Date: Sun Jun 07 2026 - 22:39:43 EST


On Fri, Jun 05, 2026 at 06:20:52PM +0300, Andy Shevchenko wrote:
> On Fri, Jun 05, 2026 at 05:16:32PM +0800, Xu Yang wrote:
> > On Thu, Jun 04, 2026 at 08:50:16PM +0300, Andy Shevchenko wrote:
> > > On Thu, Jun 04, 2026 at 07:15:26PM +0800, Xu Yang wrote:
> > > > On Wed, Jun 03, 2026 at 12:40:27PM +0300, Andy Shevchenko wrote:
> > > > > On Wed, Jun 03, 2026 at 04:44:31PM +0800, Xu Yang wrote:
>
> ...
>
> > > > > > struct swnode *p = to_swnode(fwnode);
> > > > > > struct swnode *c = to_swnode(child);
> > > > > >
> > > > > > - if (!p || list_empty(&p->children) ||
> > > > > > - (c && list_is_last(&c->entry, &p->children))) {
> > > > > > - fwnode_handle_put(child);
> > > > >
> > > > > Wouldn't be better to use swnode_get() / swnode_put() instead?
> > > > > *Yes, we might need to add some NULL checks there.
> > > >
> > > > It's not newly added by me. The software_node_get_next_child() has been using
> > > > fwnode_handle_get() / fwnode_handle_put() before. In my opinion, this should
> > > > be fine since they do the same thing here for a swnode.
> > >
> > > It doesn't matter who added that. But according to the point of this patch
> > > (correct me if I am wrong) is to avoid bumping or dropping reference count for
> > > the nodes that are *not* of swnode type. Moving away from fwnode_handle_*()
> > > loop we make the point clear.
> >
> > Yes.
> >
> > > See the of_get_next_status_child() implementation, it does *not* use
> > > fwnode_handle_*() at all. So, making it here to use same approach should
> > > fix your issue, no?
> >
> > You are right. I had also noticed this before. Actually, the difference between
> > OF node and swnode is that OF node uses to_of_node() to filter out non-OF type
> > fwnodes. Similarly, swnode uses to_swnode() to filter out non-swnode type fwnodes.
> > So replace fwnode_handle_get() / fwnode_handle_put() with software_node_get() /
> > software_node_put() does fix the issue.
> >
> > When I reviewed patch #1 again, I found it already fixes the refcount leak issue
> > because when it switches to the secondary fwnode, it no longer passes the primary
> > child to secondary fwnode. So the patch #1 is not needed anymore. I will remove
> > it in v3.
>
> I'm lost in here. My expectation that patch 1 should fix the issue as it won't
> let the fwnode_handle_*() be called against wrong type of fwnode. What did I
> miss?

Sorry, I meant "When I reviewed patch #2 again, ..."

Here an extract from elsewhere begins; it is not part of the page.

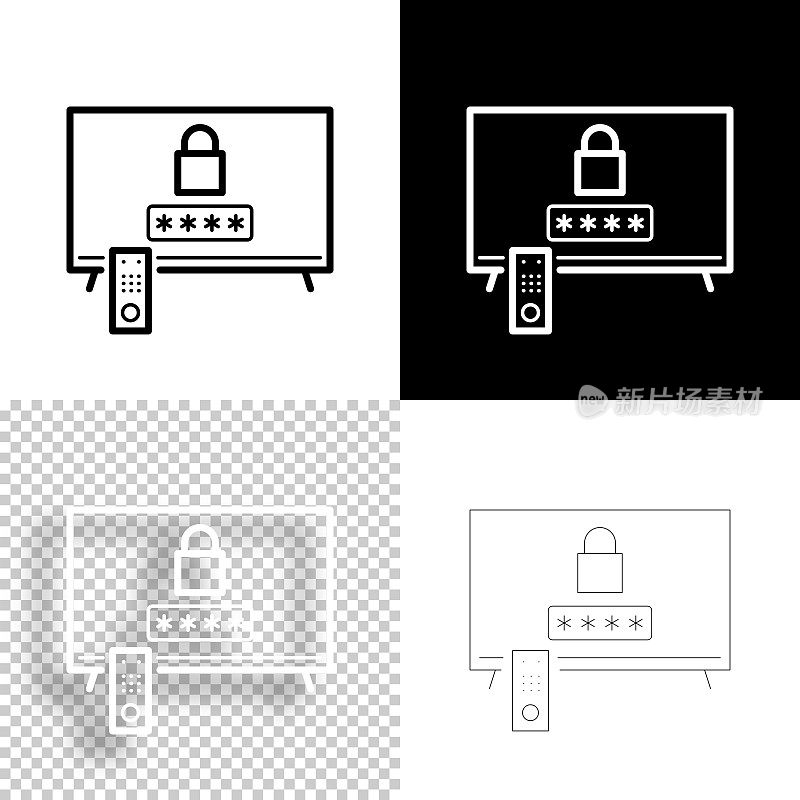 电视与密码。图标设计。空白，白色和黑色背景-线图标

Let me clarify the issues here, patch #1 fixes refcount leak issue and patch #2 fixes
the infinite loop issue. Although replacing fwnode_handle_*() with software_node_*()
in patch #1 can fix refcount issue in another way, it can not fix the infinite loop
issue. So patch #2 is still required. When patch #2 changes:

return fwnode_call_ptr_op(fwnode->secondary, get_next_child_node, child);
|
to |
v
return fwnode_call_ptr_op(parent->secondary, get_next_child_node, NULL);

the secondary fwnode will no longer deal with primary fwnode's child. So patch #2 has
already fixed the refcount leak issue. Therefore, patch #1 can be removed.

Thanks,
Xu Yang